California is home to more than a quarter of the nation’s homeless population. There are an estimated 161,548 homeless living on our streets. A recent poll by the Public Policy Institute of California found that likely recall voters ranked homelessness as the third most important issue in California, after jobs and COVID-19. John Cox, Kevin Faulconer, and Larry Elder, among other Republican candidates, have picked up on this issue in their bids to unseat Governor Newsom. Because of the prevalence of homelessness, and tent encampments in our cities, it could dominate the recall election.
There are three things to understand in evaluating this issue: The Republican candidates are promoting one-dimensional talking points, Governor Newsom’s homeless legislation is comprehensive, and there is no “silver bullet” that can solve the problem.
The homeless have become our neighbors. Their population consists of several very different kinds of people composed of resident homeless, mentally ill homeless, substance abusers, adult and youth transient homeless. They have legal rights that allow them to ask for money, and if a city doesn’t have enough beds, to sleep on the street. Voters need to understand there is no one solution to addressing, much less solving, the issue of homeless people sleeping on the streets.

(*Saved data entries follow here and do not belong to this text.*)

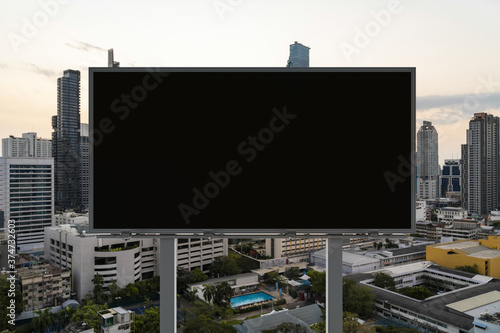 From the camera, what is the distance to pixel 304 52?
2.98 meters

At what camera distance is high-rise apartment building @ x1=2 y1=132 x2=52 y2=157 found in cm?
670

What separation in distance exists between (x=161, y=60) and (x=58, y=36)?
1746 mm

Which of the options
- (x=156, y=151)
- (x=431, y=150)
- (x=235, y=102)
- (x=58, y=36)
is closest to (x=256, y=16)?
(x=235, y=102)

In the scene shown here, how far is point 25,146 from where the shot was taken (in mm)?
7074

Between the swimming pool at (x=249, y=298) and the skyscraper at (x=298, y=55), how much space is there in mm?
4636

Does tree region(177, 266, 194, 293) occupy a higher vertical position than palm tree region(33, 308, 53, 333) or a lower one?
higher

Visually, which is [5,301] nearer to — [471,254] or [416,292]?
[416,292]

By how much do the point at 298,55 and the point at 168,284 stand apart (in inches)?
91.1

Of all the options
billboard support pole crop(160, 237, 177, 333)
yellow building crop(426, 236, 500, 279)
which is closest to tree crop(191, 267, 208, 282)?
billboard support pole crop(160, 237, 177, 333)

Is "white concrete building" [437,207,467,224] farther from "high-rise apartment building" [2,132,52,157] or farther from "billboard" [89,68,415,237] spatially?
"high-rise apartment building" [2,132,52,157]

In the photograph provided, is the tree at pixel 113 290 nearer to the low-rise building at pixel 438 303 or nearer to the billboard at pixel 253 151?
the low-rise building at pixel 438 303

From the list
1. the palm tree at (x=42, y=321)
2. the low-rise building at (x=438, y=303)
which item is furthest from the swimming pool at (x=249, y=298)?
the palm tree at (x=42, y=321)

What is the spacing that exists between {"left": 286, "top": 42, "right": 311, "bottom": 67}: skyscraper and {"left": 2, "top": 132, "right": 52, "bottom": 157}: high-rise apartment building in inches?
235

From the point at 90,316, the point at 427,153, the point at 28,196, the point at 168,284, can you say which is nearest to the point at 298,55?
the point at 168,284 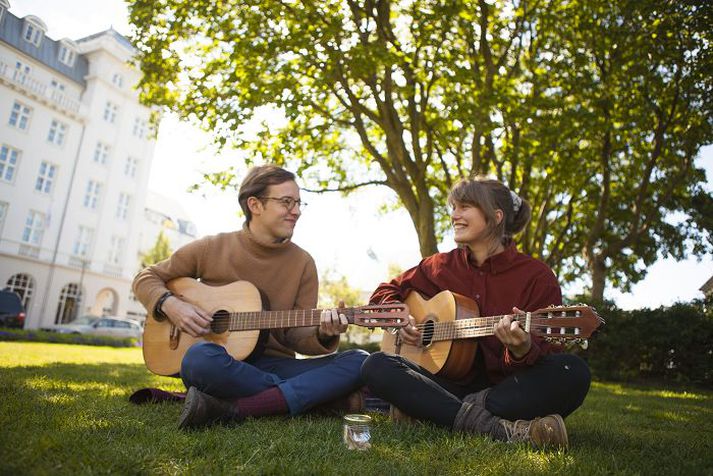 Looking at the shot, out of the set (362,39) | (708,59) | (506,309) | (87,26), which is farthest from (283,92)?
(708,59)

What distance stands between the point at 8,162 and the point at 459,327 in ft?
90.4

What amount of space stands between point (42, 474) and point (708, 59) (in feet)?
38.8

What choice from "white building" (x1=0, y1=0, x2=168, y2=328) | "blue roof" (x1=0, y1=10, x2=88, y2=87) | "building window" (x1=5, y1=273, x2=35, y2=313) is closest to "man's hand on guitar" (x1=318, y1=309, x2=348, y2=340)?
"blue roof" (x1=0, y1=10, x2=88, y2=87)

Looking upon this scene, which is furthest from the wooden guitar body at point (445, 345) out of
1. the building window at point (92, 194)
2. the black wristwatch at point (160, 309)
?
the building window at point (92, 194)

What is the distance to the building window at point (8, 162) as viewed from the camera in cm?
2398

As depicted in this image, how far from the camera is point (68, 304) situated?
31109 millimetres

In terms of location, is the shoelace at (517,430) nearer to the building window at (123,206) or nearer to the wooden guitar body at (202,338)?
the wooden guitar body at (202,338)

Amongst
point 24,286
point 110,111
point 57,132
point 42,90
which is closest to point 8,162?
point 42,90

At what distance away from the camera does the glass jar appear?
2.60m

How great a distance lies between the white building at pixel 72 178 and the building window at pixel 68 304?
6 centimetres

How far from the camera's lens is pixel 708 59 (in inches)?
384

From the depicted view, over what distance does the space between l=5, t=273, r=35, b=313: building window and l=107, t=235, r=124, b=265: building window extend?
5497 mm

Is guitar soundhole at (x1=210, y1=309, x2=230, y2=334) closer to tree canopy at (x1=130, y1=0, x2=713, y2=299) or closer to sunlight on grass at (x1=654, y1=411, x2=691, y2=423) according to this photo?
sunlight on grass at (x1=654, y1=411, x2=691, y2=423)

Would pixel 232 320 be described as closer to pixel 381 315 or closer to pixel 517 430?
pixel 381 315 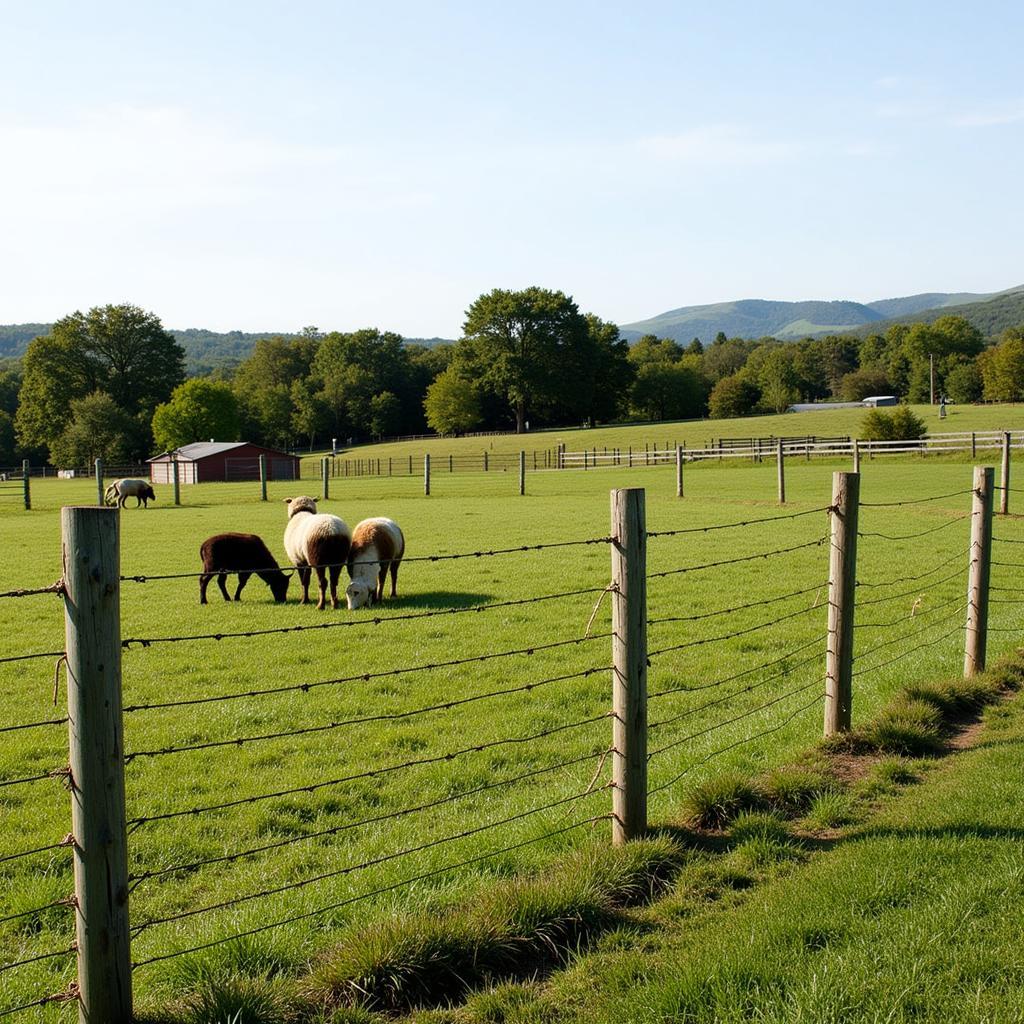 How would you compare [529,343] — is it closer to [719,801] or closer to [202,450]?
[202,450]

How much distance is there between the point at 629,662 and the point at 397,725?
3.08m

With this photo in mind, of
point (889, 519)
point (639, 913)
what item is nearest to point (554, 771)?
point (639, 913)

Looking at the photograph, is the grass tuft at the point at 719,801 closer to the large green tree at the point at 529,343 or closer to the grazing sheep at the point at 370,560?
the grazing sheep at the point at 370,560

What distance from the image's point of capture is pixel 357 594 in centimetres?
1278

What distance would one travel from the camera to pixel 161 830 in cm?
561

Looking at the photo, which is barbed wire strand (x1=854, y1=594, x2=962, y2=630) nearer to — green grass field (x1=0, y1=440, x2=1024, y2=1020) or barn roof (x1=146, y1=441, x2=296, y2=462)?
green grass field (x1=0, y1=440, x2=1024, y2=1020)

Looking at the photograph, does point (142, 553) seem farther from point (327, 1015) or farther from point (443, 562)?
point (327, 1015)

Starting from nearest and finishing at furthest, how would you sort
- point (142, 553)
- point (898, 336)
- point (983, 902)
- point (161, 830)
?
point (983, 902)
point (161, 830)
point (142, 553)
point (898, 336)

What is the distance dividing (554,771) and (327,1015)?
313 cm

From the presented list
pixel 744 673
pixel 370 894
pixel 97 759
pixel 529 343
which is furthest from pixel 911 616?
pixel 529 343

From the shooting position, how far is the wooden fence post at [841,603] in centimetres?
678

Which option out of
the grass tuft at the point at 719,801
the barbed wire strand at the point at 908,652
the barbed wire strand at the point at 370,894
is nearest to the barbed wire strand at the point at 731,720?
the barbed wire strand at the point at 908,652

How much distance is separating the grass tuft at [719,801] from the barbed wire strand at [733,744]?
35 cm

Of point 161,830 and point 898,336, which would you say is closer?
point 161,830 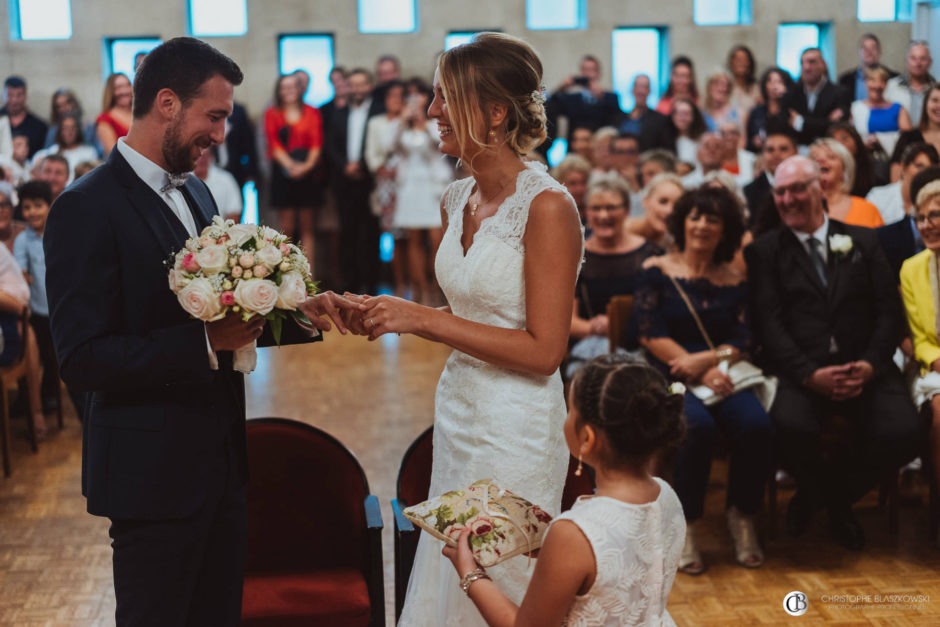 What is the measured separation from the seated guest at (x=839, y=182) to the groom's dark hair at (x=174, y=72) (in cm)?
418

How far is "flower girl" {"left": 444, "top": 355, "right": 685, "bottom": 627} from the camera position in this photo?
6.32ft

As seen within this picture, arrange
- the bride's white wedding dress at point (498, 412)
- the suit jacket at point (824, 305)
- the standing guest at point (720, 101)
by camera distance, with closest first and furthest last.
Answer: the bride's white wedding dress at point (498, 412)
the suit jacket at point (824, 305)
the standing guest at point (720, 101)

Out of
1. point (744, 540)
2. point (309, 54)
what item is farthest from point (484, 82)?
point (309, 54)

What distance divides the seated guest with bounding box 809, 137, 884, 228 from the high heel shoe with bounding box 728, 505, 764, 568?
2.16m

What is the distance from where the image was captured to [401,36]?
489 inches

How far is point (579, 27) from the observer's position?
1284 centimetres

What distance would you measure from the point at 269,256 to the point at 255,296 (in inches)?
4.6

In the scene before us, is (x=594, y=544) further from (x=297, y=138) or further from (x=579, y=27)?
(x=579, y=27)

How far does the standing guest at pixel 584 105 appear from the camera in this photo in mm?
10555

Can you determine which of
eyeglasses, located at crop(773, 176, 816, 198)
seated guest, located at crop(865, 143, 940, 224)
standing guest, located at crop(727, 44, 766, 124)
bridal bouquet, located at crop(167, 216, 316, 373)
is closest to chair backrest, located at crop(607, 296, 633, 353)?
eyeglasses, located at crop(773, 176, 816, 198)

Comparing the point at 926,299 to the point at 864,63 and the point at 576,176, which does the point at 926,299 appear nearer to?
the point at 576,176

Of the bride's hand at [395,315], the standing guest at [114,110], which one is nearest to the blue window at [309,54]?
the standing guest at [114,110]

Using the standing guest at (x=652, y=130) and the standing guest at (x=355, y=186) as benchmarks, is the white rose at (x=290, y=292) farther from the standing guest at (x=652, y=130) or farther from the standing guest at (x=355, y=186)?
the standing guest at (x=355, y=186)

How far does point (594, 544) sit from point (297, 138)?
916 cm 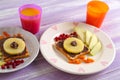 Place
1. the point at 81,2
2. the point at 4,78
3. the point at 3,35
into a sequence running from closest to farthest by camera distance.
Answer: the point at 4,78
the point at 3,35
the point at 81,2

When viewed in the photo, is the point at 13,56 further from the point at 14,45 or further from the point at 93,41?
the point at 93,41

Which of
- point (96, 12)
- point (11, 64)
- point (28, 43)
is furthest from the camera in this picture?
point (96, 12)

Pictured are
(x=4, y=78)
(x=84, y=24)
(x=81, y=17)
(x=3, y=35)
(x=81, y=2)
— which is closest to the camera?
(x=4, y=78)

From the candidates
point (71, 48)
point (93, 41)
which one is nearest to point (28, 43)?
point (71, 48)

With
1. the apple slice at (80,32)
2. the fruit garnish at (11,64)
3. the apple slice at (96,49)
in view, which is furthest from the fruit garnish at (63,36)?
the fruit garnish at (11,64)

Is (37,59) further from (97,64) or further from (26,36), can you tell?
(97,64)

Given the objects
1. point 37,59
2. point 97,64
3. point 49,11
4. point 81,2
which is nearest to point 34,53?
point 37,59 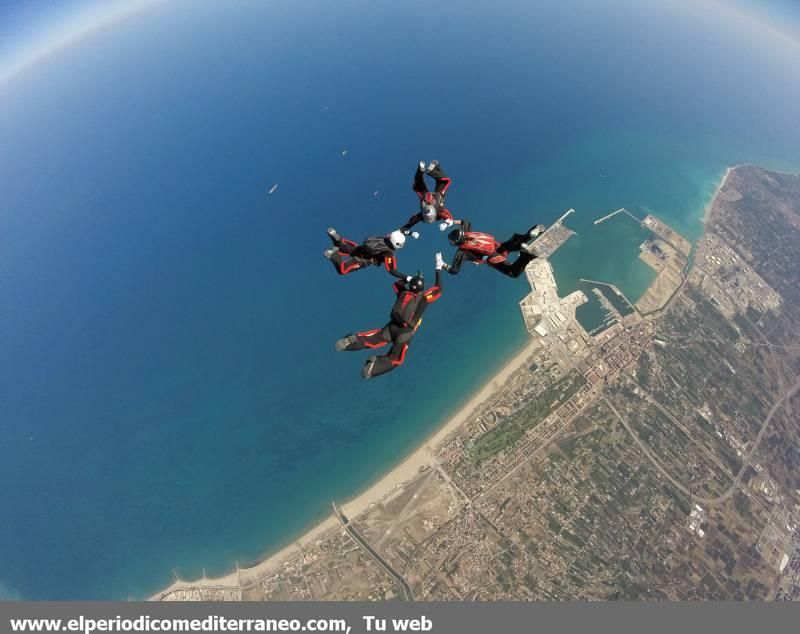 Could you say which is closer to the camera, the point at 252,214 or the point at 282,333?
the point at 282,333

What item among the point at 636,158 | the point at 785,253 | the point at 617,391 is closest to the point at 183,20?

Cox, Faulconer, Elder et al. have essentially framed this issue as one of mental illness requiring forced removals of the homeless from our streets into mental institutional settings. Their mental-health talking point is best summed up by John Cox: “[W]e’re going to have to force people into that treatment if need be.” (Ironically, it was the repeal of funding by governor Ronald Reagan’s administration for federal community health centers that created an explosion of people, including the mentally impaired, living on California streets.)
It would be a mistake to conclude that homelessness is predominately a mental-health issue. Clearly, living on the streets can exacerbate mental-health conditions. However, researchers like the California Policy Lab have found that while “[homeless] people who are suffering from substance use disorder or mental illness are very visible [and] challenging, there is a very large unsheltered population that doesn’t have either.” Homelessness, like all complicated problems, is multi-dimensional. Its causes include poverty, tragedy, abuse, family deaths, and physical disabilities, as well as mental health and addiction.
If you’re interested in California government addressing this issue you should vote not to recall Governor Newsom. On July 19 he signed a comprehensive and historic housing and homelessness funding package as part of his $100 billion California Comeback Plan. The legislation invests $12 billion over two years to tackle homelessness. This is the largest investment addressing the homeless problem in state history. It focuses on behavioral health, housing and solutions to tent encampments. It allocates $5.8 billion to add 42,000 new housing units for the homeless; $3 billion to house those with the most acute behavioral and physical needs, $3.9 billion for mental health, and $2 billion for local governments to address problems like tent cities. There are no line items for punitive actions against homeless people.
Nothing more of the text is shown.